On 29 September 1990, Japanese media reported that the Japanese Maritime Safety Agency was preparing to recognize (as an official navigation mark) a lighthouse that a right-wing Japanese group built on the main island of the disputed island group. The Taiwan government protested immediately following the reports. On 18 October, a PRC spokesperson for the Ministry of Foreign Affairs was asked about the lighthouse at a press conference and stated that it was "a violation of China's sovereignty" and that the Japanese government should "immediately take effective measures to stop the activities of the right-wing group and prevent similar incidents in the future". On 21 October, twenty-four activists from Taiwan attempted to place a torch on the island to assert ROC sovereignty and the Japanese Maritime Safety Agency prevented them from doing so. On 23 October, Japanese Prime Minister Toshiki Kaifu stated that Japan would take a "cautious attitude" and indicated it would not send military ships to the area. On 27 October, PRC Vice Foreign Minister Qi Huaiyuan met with the Japanese Ambassador, reiterated the PRC's position of sovereignty over the islands, and stating that the two countries should shelve the dispute and look for opportunities to jointly develop resources in the area. On 30 October, China and Japan stopped disputing the lighthouse issue.

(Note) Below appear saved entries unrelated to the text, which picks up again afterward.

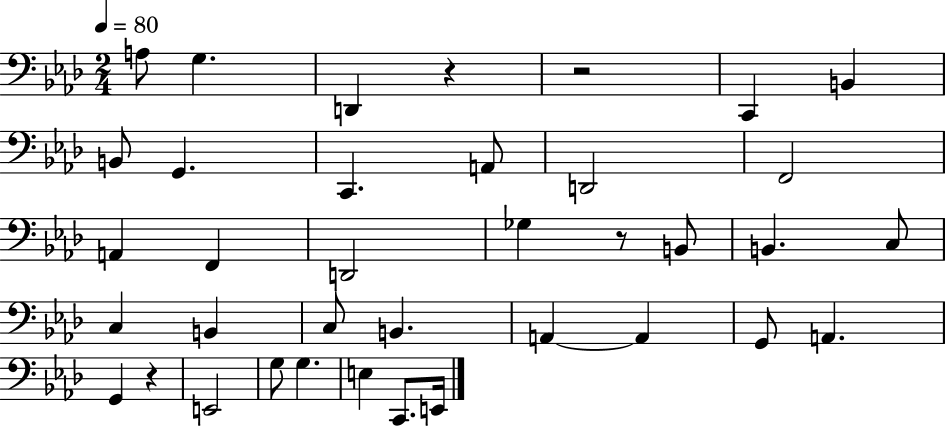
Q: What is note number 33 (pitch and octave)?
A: E2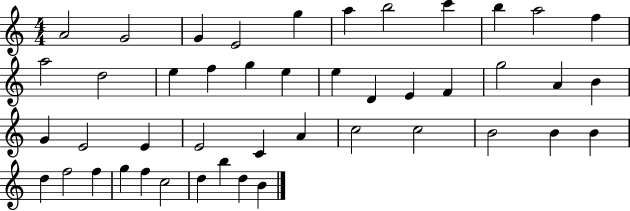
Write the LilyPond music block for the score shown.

{
  \clef treble
  \numericTimeSignature
  \time 4/4
  \key c \major
  a'2 g'2 | g'4 e'2 g''4 | a''4 b''2 c'''4 | b''4 a''2 f''4 | \break a''2 d''2 | e''4 f''4 g''4 e''4 | e''4 d'4 e'4 f'4 | g''2 a'4 b'4 | \break g'4 e'2 e'4 | e'2 c'4 a'4 | c''2 c''2 | b'2 b'4 b'4 | \break d''4 f''2 f''4 | g''4 f''4 c''2 | d''4 b''4 d''4 b'4 | \bar "|."
}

Tensions over the disputed islands again increased from June to October 1996. In June, Japan ratified UNCLOS and in July it began claiming a 200 nautical mile exclusive economic zone around the islands. Also in July, a right-wing Japanese organization built a makeshift lighthouse on one of the smaller islands and applied to the Japanese Maritime Safety Agency for the makeshift lighthouse to be accepted as an official navigational aid. Concerns on the Chinese side were further heightened following visits by Japanese Prime Minister Ryutaro Hashimoto, cabinet members, and more than eighty members of parliament to the Yasukuni Shrine, which honors Japan's war dead including its war criminals from World War II. On 18 August, another Japanese group placed a wooden Japanese flag on the main disputed island in the group. Ten days later, Japanese Foreign Minister Yukihiko Ikeda stated that the islands "have always been Japan's territory" and "there is no need to explain".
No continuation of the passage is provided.